■ **Recorded data**:
-=-=-
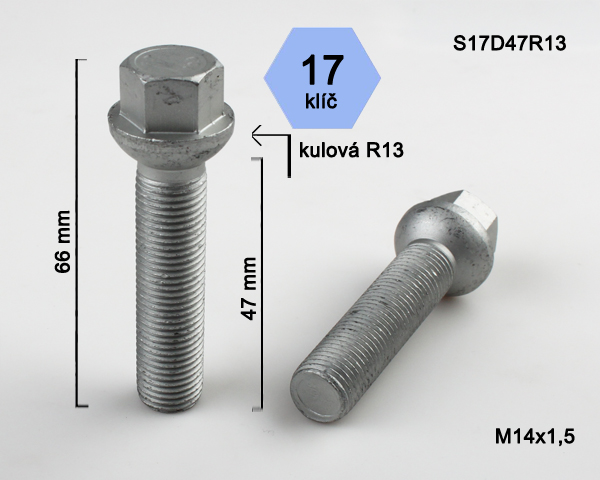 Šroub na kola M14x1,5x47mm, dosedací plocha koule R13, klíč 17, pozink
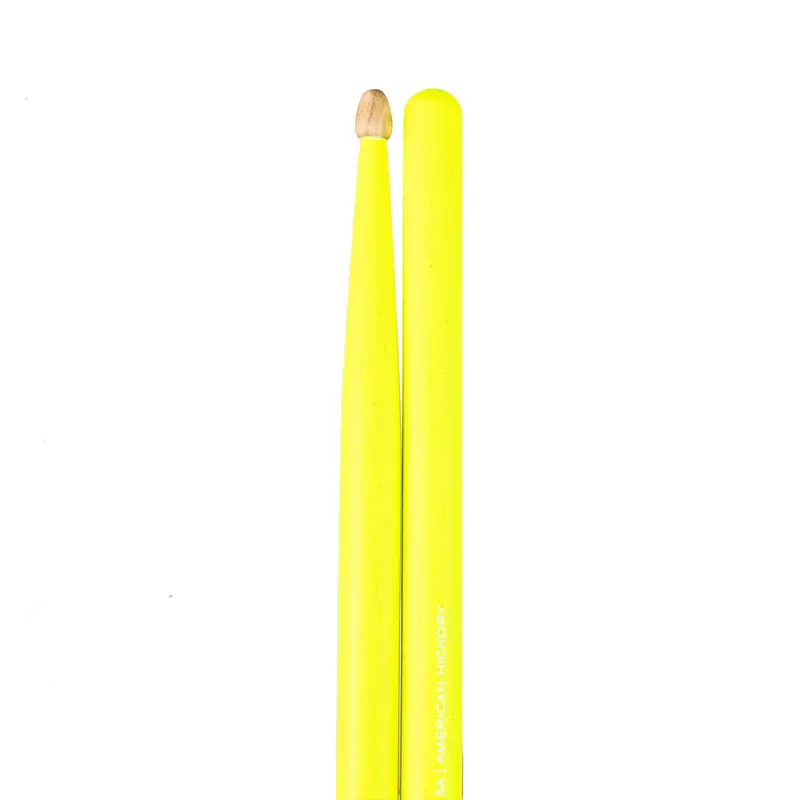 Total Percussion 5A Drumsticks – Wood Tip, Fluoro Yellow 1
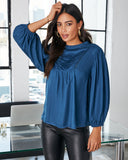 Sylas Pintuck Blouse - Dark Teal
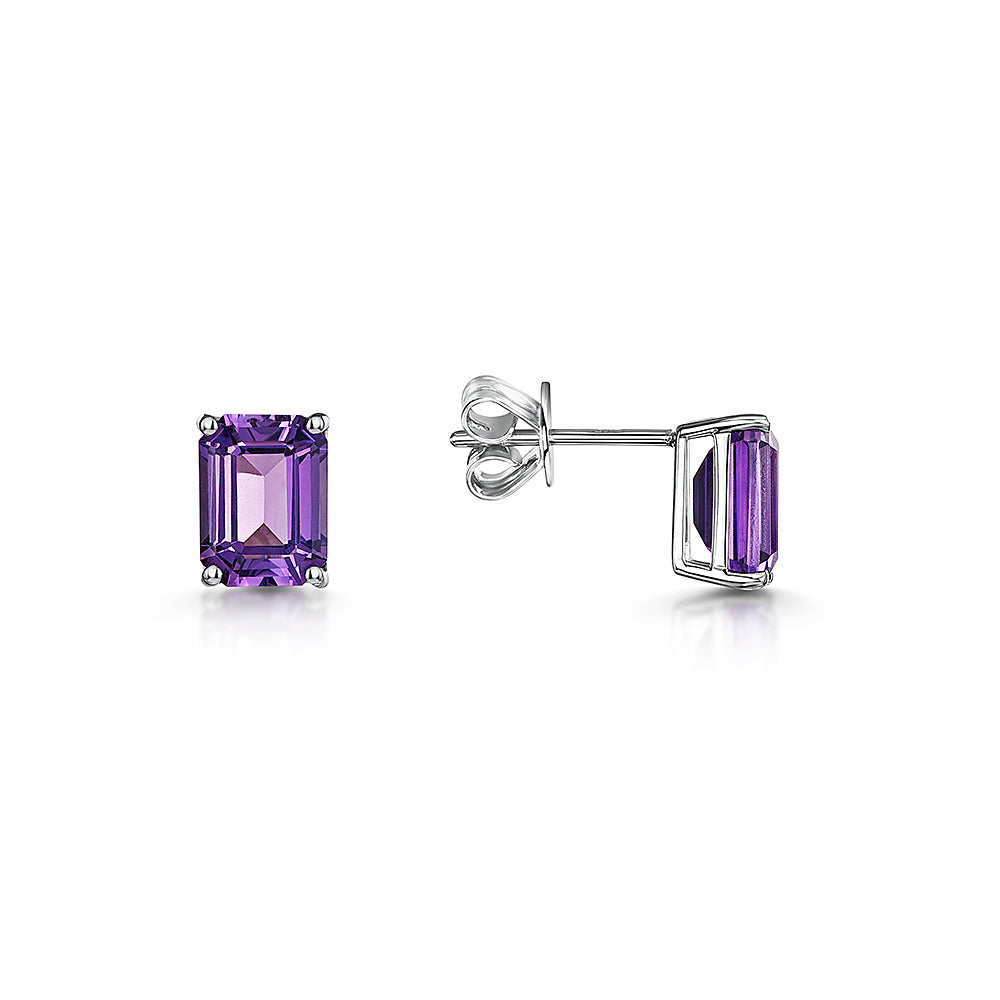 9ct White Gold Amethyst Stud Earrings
-=-=-
■ **What the exercise asks**: Images are to be left out; everything else in the material must be written out exactly.

■ **Solved exercise**:
 Šroub na kola M14x1,5x47mm, dosedací plocha koule R13, klíč 17, pozink
 Total Percussion 5A Drumsticks – Wood Tip, Fluoro Yellow 1
 Sylas Pintuck Blouse - Dark Teal
 9ct White Gold Amethyst Stud Earrings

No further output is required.